### Instructions for the task
Each line below must be reproduced exactly.

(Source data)

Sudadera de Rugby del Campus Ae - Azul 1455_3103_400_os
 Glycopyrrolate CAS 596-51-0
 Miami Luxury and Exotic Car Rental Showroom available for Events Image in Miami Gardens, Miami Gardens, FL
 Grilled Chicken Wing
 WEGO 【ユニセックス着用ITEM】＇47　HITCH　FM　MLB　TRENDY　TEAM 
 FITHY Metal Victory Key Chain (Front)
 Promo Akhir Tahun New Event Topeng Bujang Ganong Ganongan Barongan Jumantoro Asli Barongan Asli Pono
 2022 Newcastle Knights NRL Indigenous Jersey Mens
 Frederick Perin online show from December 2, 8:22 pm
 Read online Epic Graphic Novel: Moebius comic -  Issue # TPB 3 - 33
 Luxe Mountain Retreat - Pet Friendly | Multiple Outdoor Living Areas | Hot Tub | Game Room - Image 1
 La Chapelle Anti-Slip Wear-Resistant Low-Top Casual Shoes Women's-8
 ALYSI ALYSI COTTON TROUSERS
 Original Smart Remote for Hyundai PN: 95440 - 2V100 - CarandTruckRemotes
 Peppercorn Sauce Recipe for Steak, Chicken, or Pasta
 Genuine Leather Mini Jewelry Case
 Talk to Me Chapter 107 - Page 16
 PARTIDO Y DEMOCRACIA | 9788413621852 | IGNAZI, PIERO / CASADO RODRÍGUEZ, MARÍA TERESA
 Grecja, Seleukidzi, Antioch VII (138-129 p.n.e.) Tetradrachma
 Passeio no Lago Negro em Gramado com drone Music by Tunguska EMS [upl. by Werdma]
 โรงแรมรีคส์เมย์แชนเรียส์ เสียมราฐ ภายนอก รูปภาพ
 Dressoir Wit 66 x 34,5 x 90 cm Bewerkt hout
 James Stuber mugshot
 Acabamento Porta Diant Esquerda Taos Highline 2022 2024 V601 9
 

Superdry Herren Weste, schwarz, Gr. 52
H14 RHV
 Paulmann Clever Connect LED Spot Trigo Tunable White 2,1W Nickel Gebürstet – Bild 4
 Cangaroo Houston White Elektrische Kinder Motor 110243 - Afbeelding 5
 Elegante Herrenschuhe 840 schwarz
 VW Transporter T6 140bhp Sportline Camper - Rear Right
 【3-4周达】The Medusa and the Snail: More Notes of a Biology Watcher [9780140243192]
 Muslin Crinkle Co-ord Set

### Answer section
Sudadera de Rugby del Campus Ae - Azul 1455_3103_400_os
 Glycopyrrolate CAS 596-51-0
 Miami Luxury and Exotic Car Rental Showroom available for Events Image in Miami Gardens, Miami Gardens, FL
 Grilled Chicken Wing
 WEGO 【ユニセックス着用ITEM】＇47　HITCH　FM　MLB　TRENDY　TEAM 
 FITHY Metal Victory Key Chain (Front)
 Promo Akhir Tahun New Event Topeng Bujang Ganong Ganongan Barongan Jumantoro Asli Barongan Asli Pono
 2022 Newcastle Knights NRL Indigenous Jersey Mens
 Frederick Perin online show from December 2, 8:22 pm
 Read online Epic Graphic Novel: Moebius comic -  Issue # TPB 3 - 33
 Luxe Mountain Retreat - Pet Friendly | Multiple Outdoor Living Areas | Hot Tub | Game Room - Image 1
 La Chapelle Anti-Slip Wear-Resistant Low-Top Casual Shoes Women's-8
 ALYSI ALYSI COTTON TROUSERS
 Original Smart Remote for Hyundai PN: 95440 - 2V100 - CarandTruckRemotes
 Peppercorn Sauce Recipe for Steak, Chicken, or Pasta
 Genuine Leather Mini Jewelry Case
 Talk to Me Chapter 107 - Page 16
 PARTIDO Y DEMOCRACIA | 9788413621852 | IGNAZI, PIERO / CASADO RODRÍGUEZ, MARÍA TERESA
 Grecja, Seleukidzi, Antioch VII (138-129 p.n.e.) Tetradrachma
 Passeio no Lago Negro em Gramado com drone Music by Tunguska EMS [upl. by Werdma]
 โรงแรมรีคส์เมย์แชนเรียส์ เสียมราฐ ภายนอก รูปภาพ
 Dressoir Wit 66 x 34,5 x 90 cm Bewerkt hout
 James Stuber mugshot
 Acabamento Porta Diant Esquerda Taos Highline 2022 2024 V601 9
 

Superdry Herren Weste, schwarz, Gr. 52
H14 RHV
 Paulmann Clever Connect LED Spot Trigo Tunable White 2,1W Nickel Gebürstet – Bild 4
 Cangaroo Houston White Elektrische Kinder Motor 110243 - Afbeelding 5
 Elegante Herrenschuhe 840 schwarz
 VW Transporter T6 140bhp Sportline Camper - Rear Right
 【3-4周达】The Medusa and the Snail: More Notes of a Biology Watcher [9780140243192]
 Muslin Crinkle Co-ord Set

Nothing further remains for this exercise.